Services · Upper airway disorders
When you can't breathe and nobody knows why
Upper airway disorders (ILO, PVFM, and VCD) are frequently misdiagnosed as asthma. Speech therapy is the first-line treatment.
Inducible Laryngeal Obstruction (ILO), Paradoxical Vocal Fold Motion (PVFM), and Vocal Cord Dysfunction (VCD) cause sudden breathing episodes that feel like suffocation. If your inhaler isn't working, it may not be asthma.
Clinical overview
Understanding upper airway disorders
Your throat closes. You can't get air in. It feels like you're suffocating. And your inhaler does nothing.
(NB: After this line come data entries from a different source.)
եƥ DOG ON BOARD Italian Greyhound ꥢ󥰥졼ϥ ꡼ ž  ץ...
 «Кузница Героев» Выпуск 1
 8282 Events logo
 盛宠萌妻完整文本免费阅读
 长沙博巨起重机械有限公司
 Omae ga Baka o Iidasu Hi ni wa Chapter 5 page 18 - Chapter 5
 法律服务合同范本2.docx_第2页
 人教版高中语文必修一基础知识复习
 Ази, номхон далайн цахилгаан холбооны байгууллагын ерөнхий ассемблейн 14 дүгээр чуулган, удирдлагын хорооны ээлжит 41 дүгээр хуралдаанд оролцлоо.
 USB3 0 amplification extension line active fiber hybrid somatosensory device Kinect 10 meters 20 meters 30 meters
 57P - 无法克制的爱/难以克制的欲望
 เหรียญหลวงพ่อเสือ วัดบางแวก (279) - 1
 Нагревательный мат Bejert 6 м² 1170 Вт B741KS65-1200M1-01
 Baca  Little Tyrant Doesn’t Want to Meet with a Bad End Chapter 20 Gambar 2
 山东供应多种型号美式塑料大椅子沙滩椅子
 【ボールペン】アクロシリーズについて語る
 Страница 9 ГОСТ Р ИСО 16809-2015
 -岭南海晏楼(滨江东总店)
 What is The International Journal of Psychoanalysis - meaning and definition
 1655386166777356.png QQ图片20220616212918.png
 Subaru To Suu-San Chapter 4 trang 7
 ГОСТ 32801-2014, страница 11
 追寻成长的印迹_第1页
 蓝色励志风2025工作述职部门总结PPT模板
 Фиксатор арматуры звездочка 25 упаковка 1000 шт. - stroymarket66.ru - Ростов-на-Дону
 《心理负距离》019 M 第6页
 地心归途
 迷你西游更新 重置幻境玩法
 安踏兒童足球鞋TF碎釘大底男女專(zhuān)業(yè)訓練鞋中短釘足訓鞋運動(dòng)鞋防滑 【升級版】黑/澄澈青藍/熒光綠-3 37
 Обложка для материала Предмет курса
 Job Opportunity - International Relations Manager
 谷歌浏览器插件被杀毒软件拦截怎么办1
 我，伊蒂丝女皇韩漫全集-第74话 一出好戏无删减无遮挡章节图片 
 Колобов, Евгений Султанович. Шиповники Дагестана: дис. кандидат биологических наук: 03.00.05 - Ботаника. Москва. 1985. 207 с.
Inducible Laryngeal Obstruction (ILO), Paradoxical Vocal Fold Motion (PVFM), and Vocal Cord Dysfunction (VCD) are conditions where the vocal folds inappropriately narrow or close during breathing, particularly on the in-breath. This creates sudden episodes of breathing difficulty, throat tightness, noisy breathing (stridor), and a choking sensation. These episodes are frightening. Many patients describe them as the most terrifying moments of their lives.
Upper airway disorders are frequently misdiagnosed as asthma because the symptoms look similar: shortness of breath, wheezing, respiratory distress. But asthma medications target the lower airways. ILO, PVFM, and VCD affect the upper airway at the level of the larynx. Inhalers won't fix what's happening at the vocal folds. Many patients spend years on escalating asthma medications that provide little relief, because the diagnosis is wrong.
Differential diagnosis
ILO/PVFM/VCD vs Asthma: Understanding the Difference
Why Misdiagnosis Happens
Upper airway disorders and asthma share similar symptoms: shortness of breath, wheezing, and respiratory distress. But they affect different parts of the airway and need different treatments. Many patients cycle through multiple asthma medications with limited success before discovering the breathing difficulty originates from the vocal folds, not the lungs. This delay often spans years.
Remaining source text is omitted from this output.